According to some embodiments, the eye 105 also receives ambient light 201 from an ambient outside of the catadioptric HMD. The light from the display 602 augments the light from the ambient that reaches the user eye 105. In the arrangement 600 shown, light from the display 602 is reflected at least one time from the partially reflective reflector 603 and at least one time from the filter 604 before reaching the user eye 105. The convex outer surface 606 of the filter 604 is positioned relative to an inner surface 607 of the reflector 603 in the assembled HMD to provide light from the display 602 to the user eye 105. An orientation, a position, or both an orientation and a position of the display 602, relative to the other elements, are selected for the HMD. A shape, a position, or both a shape and an orientation of the filter 604, relative to the other elements, are selected for the HMD. Also, a shape, a position, or both a shape and an orientation of the reflector 603, relative to the other elements, are selected for the HMD. These features are arranged together to shape a resulting image reaching the pupil 301 of the user eye 105 from the light originating from the display 602.

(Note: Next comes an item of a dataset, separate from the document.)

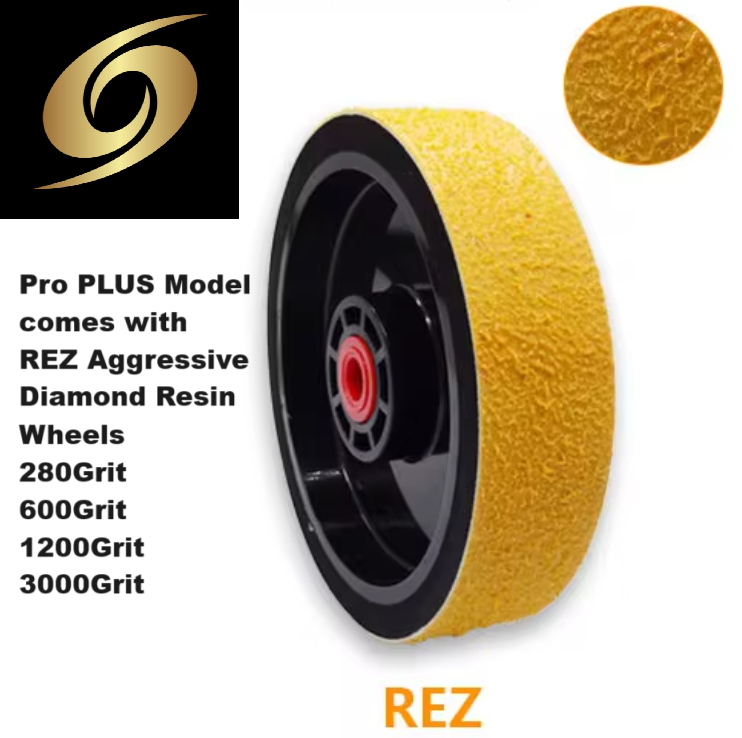 PULSAR DIAMOND™ "Slick 6 Pro PLUS" Cabbing Machine 6 wheels x 6"/150mm 2 x Sintered Diamond wheels & 4x REZ Pro Diamond Resin wheels plus Sintered Diamond saw & table , Flat lap & More . Lapidary Cab Cabber Grinding Polishing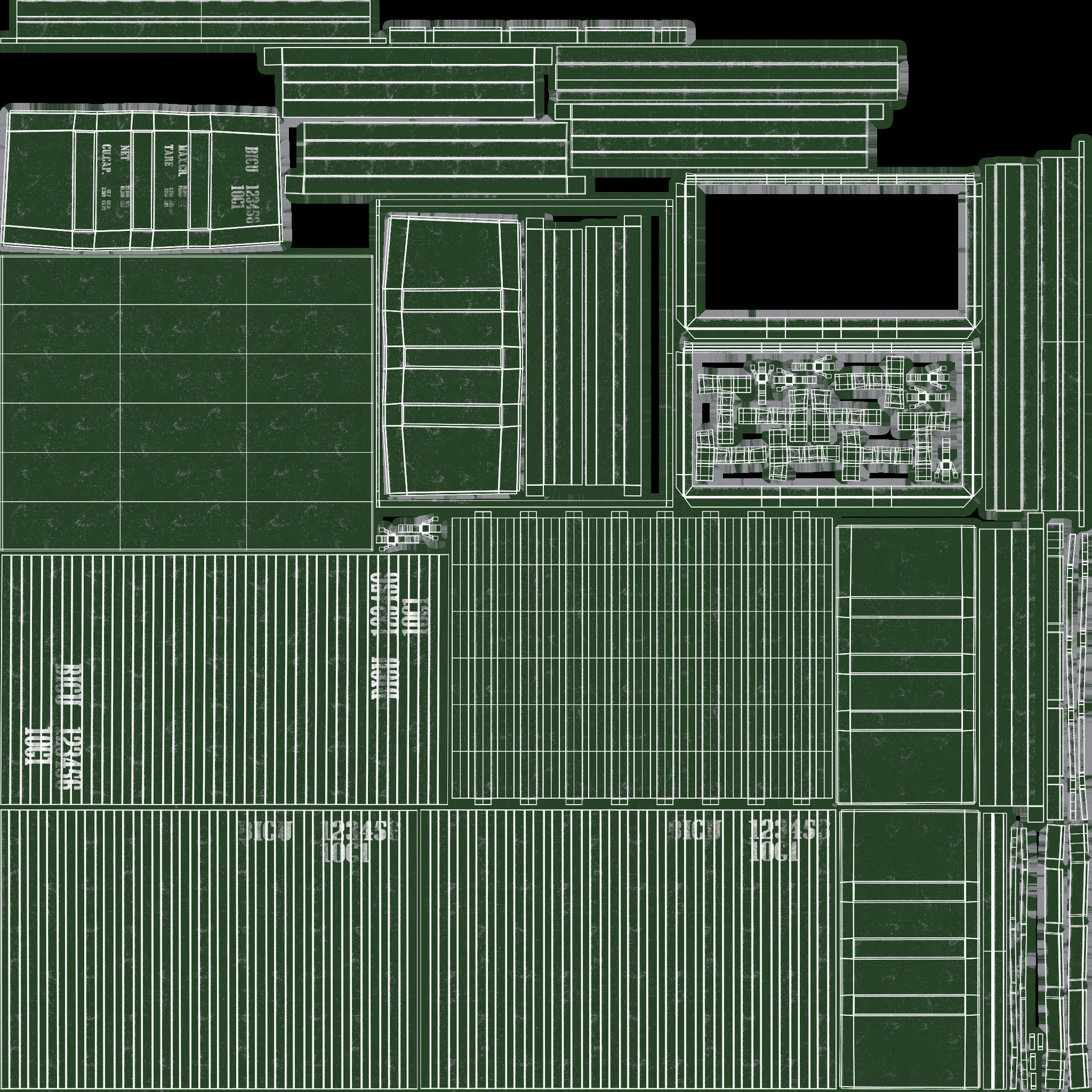 10Ft Cargo Container - Green 3D Model Collection_33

While the reflector 603 is shown as a single material in FIG. 6, the reflector 603 comprises one or more layers of one or more various materials. For example, the combiner or reflector 603 takes the form of a freeform thin shell that includes a mirror coating or a partial mirror coating on a substrate such as on the eye-facing surface 607 of the substrate and an anti-reflecting coating on the world-facing surface 608 of the substrate. Freeform for the reflector 603 refers to a curvature or contour along a first axis or orientation, a curvature or contour along a second axis or orientation, or along both the first and the second axes.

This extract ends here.